Sometimes you need to re hash things.


----------



## Dirty Dog (Dec 8, 2014)

drop bear said:


> Sometimes you need to re hash things.


 
Within reason, there is truth to this statement. However, after the 14,298,476th time, there's probably no point.


----------



## Transk53 (Dec 8, 2014)

Hindsight - "your past is a construct of the mind". The only good it does, is give a moment of clarity good or bad. You cannot exist there.


----------



## Chris Parker (Dec 8, 2014)

PhotonGuy said:


> Im the king of hindsight, I can be stuck in the past.



That's not what hindsight refers to… in fact, kinda the opposite. Hindsight is more about the ability to look back at previous situations/events, without the emotional connection or confusion of the moment, to clearly see what might have been done to better or prevent something. It's not about being stuck in the past, it's about learning from it… so… no. 

Getting stuck in the past, especially the way you seem to, is a very different situation… and, honestly, a hallmark of any number of things, all of which would see you benefited from talking to a professional.


----------



## Transk53 (Dec 8, 2014)

Chris Parker said:


> That's not what hindsight refers to… in fact, kinda the opposite. Hindsight is more about the ability to look back at previous situations/events, without the emotional connection or confusion of the moment, to clearly see what might have been done to better or prevent something. It's not about being stuck in the past, it's about learning from it… so… no.
> 
> Getting stuck in the past, especially the way you seem to, is a very different situation… and, honestly, a hallmark of any number of things, all of which would see you benefited from talking to a professional.

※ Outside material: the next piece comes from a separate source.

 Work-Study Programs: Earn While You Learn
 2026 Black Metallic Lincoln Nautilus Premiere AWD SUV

Of which how many times has this been said. As humans we all cling to things, but PG seems quite obsessed with something. Very strange even to me.


----------



## PhotonGuy (Dec 8, 2014)

jks9199 said:


> You know -- that's one thing, I would certainly agree with.  Lots of your posts do suggest that you've got a rather strong attachment to things that happened long ago -- and trouble moving on from them.  Nice realization -- but you might consider finding someone with appropriate credentials to help you with changing it.

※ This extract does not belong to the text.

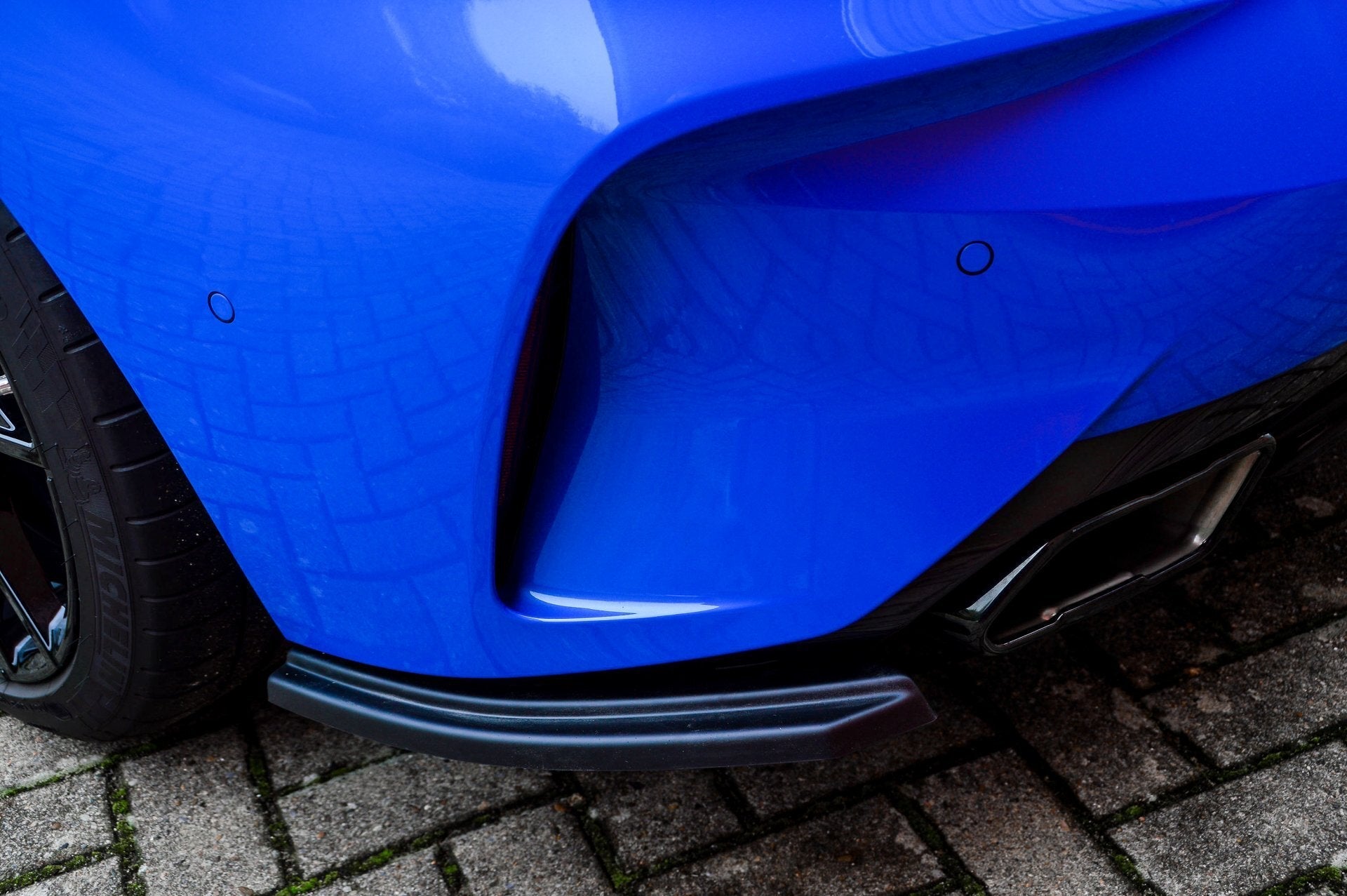 Heckansatz Seitenteile passend für BMW Z4 G29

I am getting help. How? By discussing it here.


----------



## Tez3 (Dec 8, 2014)

PhotonGuy said:


> I am getting help. How? By discussing it here.


Oh dear.


----------



## PhotonGuy (Dec 8, 2014)

drop bear said:


> Sometimes you need to re hash things.


I do, and the reason I keep doing that is because Im trying to make a point, and Im just not making the point even though I keep trying using different examples, and it can go on for gazillion times. I don't like it anymore than anyone else here, its really frustrating not being able to make a point no matter how many times I try.


----------



## Transk53 (Dec 8, 2014)

PhotonGuy said:


> I do, and the reason I keep doing that is because Im trying to make a point, and Im just not making the point even though I keep trying using different examples, and it can go on for gazillion times. I don't like it anymore than anyone else here, its really frustrating not being able to make a point no matter how many times I try.



Er, yeah it is, but I  take a step back at that point.


----------



## drop bear (Dec 8, 2014)

PhotonGuy said:


> I do, and the reason I keep doing that is because Im trying to make a point, and Im just not making the point even though I keep trying using different examples, and it can go on for gazillion times. I don't like it anymore than anyone else here, its really frustrating not being able to make a point no matter how many times I try.

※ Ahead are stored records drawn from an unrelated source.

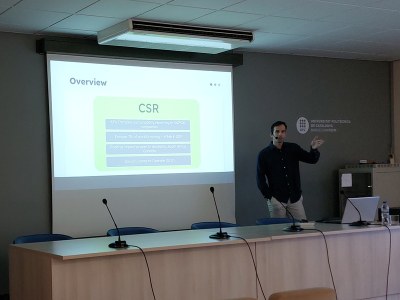 Defensa tesis doctoral de Moe Yousefian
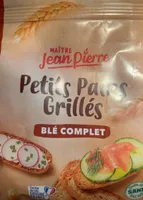 Petits pains grilles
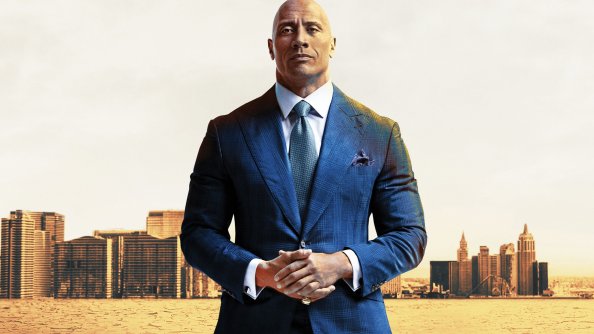 Dwayne Johnson In Ballers Tv Series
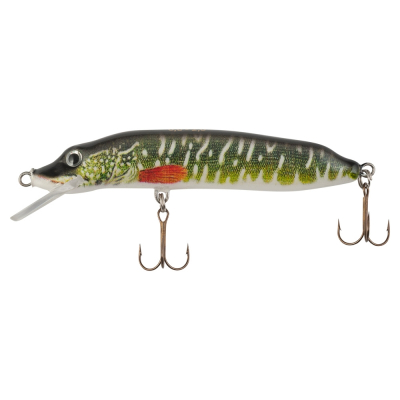 Воблер Chimera Silver Fox Pike FL 100mm/9g цв. 121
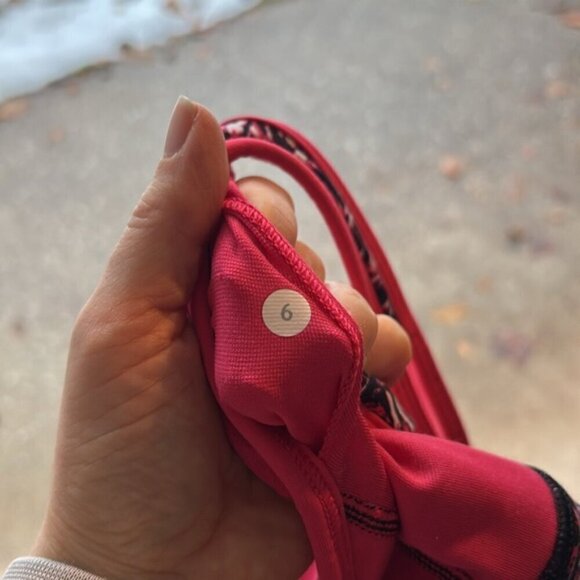 Lululemon Minimalist Tank Top Pink Size 6 - Picture 11 of 11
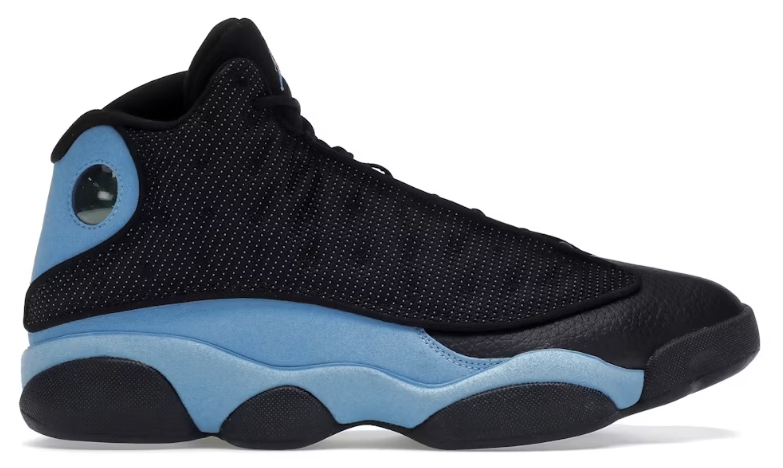 Jordan 13 Retro Black University Blue  DJ5982-041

and you do tend to be the victim of a dog pile when you post which is a bit disappointing.

personally if i am not interested in your thread i don't engage in it.

so if you want to remake a point because you have thought up a new idea related to it. For what it is worth i will back you on it.


----------



## Tez3 (Dec 8, 2014)

drop bear said:


> and you do tend to be the victim of a dog pile when you post which is a bit disappointing.
> 
> personally if i am not interested in your thread i don't engage in it.
> 
> so if you want to remake a point because you have thought up a new idea related to it. For what it is worth i will back you on it.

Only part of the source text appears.